Ace souleva un peu ses cheveux pour montré la dernière cicatrice sur son crâne, pas loin du front.
- Pas la moindre idée... fit Ducky.
- Non plus... langue au chat, Ace ! fit Abby.
- Un poing... c'est un des foutus 'Ai aru kobushi'* du vieux jiji... le jii-chan de mon petit-frère.
- Tout de même, un coup de poing... fit Abby. Ça ne devrait pas nécessiter une chirurgie, et, Ducky le confirmera, y'a une trace de chirurgie.
- Du travail d'amateur, je dirais même, commenta Ducky.
- Mon frère. C'était soit ça, soit pissé du sang, fit Ace en haussant les épaules. Si vous avez fini avec mon crâne, je peux remettre mon chapeau.
Abby le lui remit sur le crâne et avec Ducky se pencha sur son dos, devinant plus ou moins de quoi venait les cicatrices.
Un peu plus tard, McGee revint avec des beignets au moment où Abby (Ducky était redescendu à la morgue, tout simplement perturbé par le nombre de cicatrices sur le corps du jeune homme), s'était accroupit devant Ace, observant une cicatrice dans sa cuisse.
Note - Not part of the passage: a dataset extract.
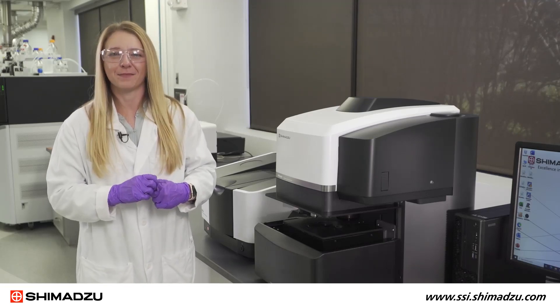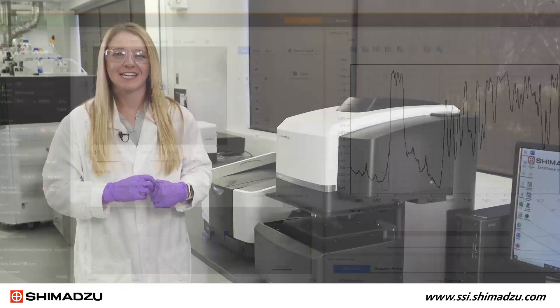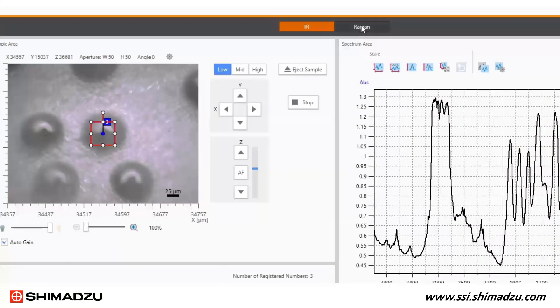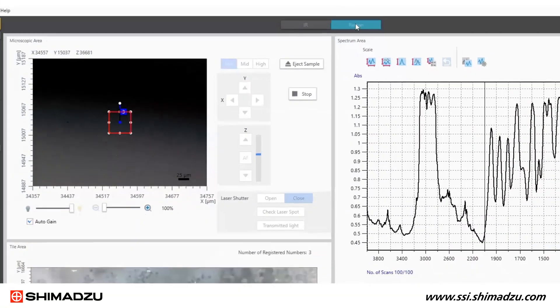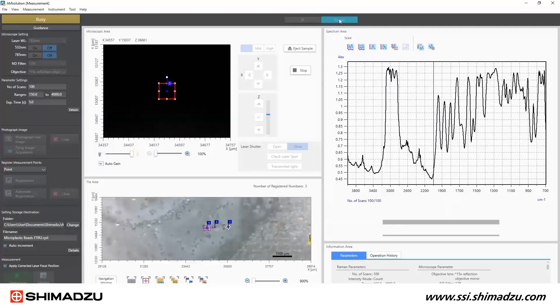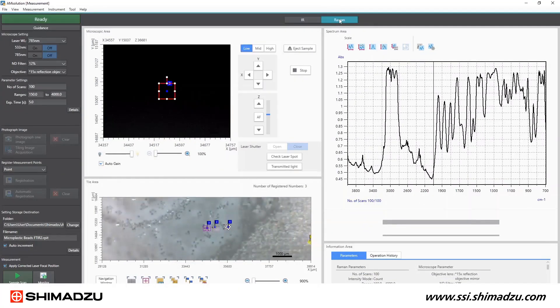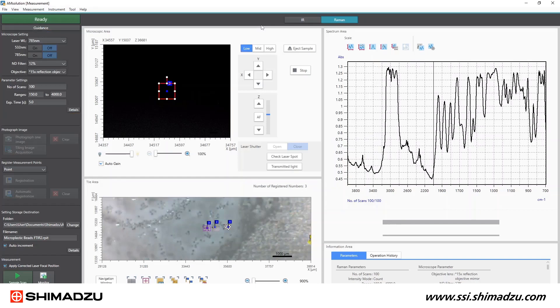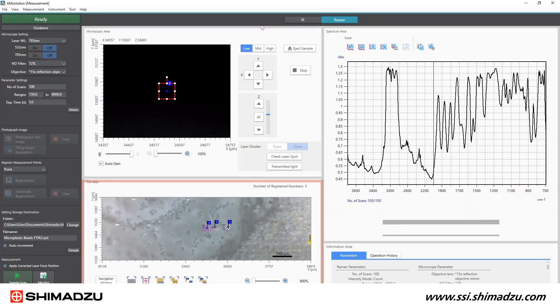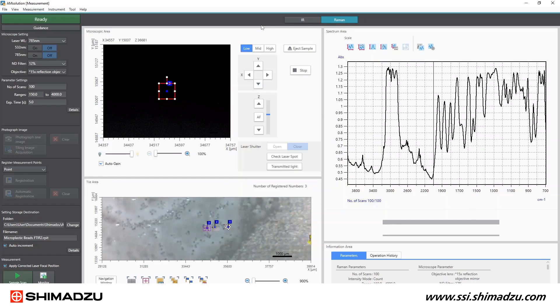Now that we have the FTIR microscope settings and sampling position set, we can move on to the Raman mode. Simply click on the blue tab at the top of the window to switch to those Raman settings. Similar to the FTIR measurement settings, the AM solution software intuitively places the parameter settings in an easy to follow order. Notice how our sampling locations transferred over to the Raman microscope. We don't have to hunt for them again. I can simply double click on each point to jump to each microplastic bead of interest.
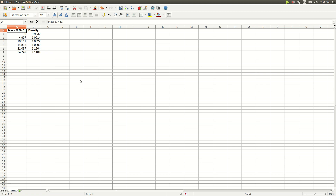This is a video about how to make a best fit straight line on a standard curve using LibreOffice Calc.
Du point de vu de l'agent, cela avait une tout autre signification.
- C'est pas du tout ce que tu crois, McGee, assura Abby, sans se retourner, prévenu par son mystérieux sixième sens.
- Beignets ! fit Ace comme un enfant à qui on présente une sucrerie.
- Si c'est pas ce à quoi je pense, tu fais quoi à genoux devant Ace, Abby ? demanda McGee, toujours figé sur place.
- J'examine ses cicatrices pour passer le temps, tant que mes petits bijoux n'ont rien trouvé. Ace, c'est une marque de croc, ça, non ? déclara Abby en posant son doigt sur la petite cicatrice présente sur la cuisse d'Ace.
- Ouep ! Lu' avait onze ans, il a eut la joyeuse idée de partageait sa pomme avec un crocodile... je me suis fait mordre en allant le sauver. Adorable le frangin ?! confirma Ace.
- Suicidaire, je dirais ! nuança Abby.
Ace se contenta de rire.
McGee cessa de rester debout, comme ça, et alla donner les beignets.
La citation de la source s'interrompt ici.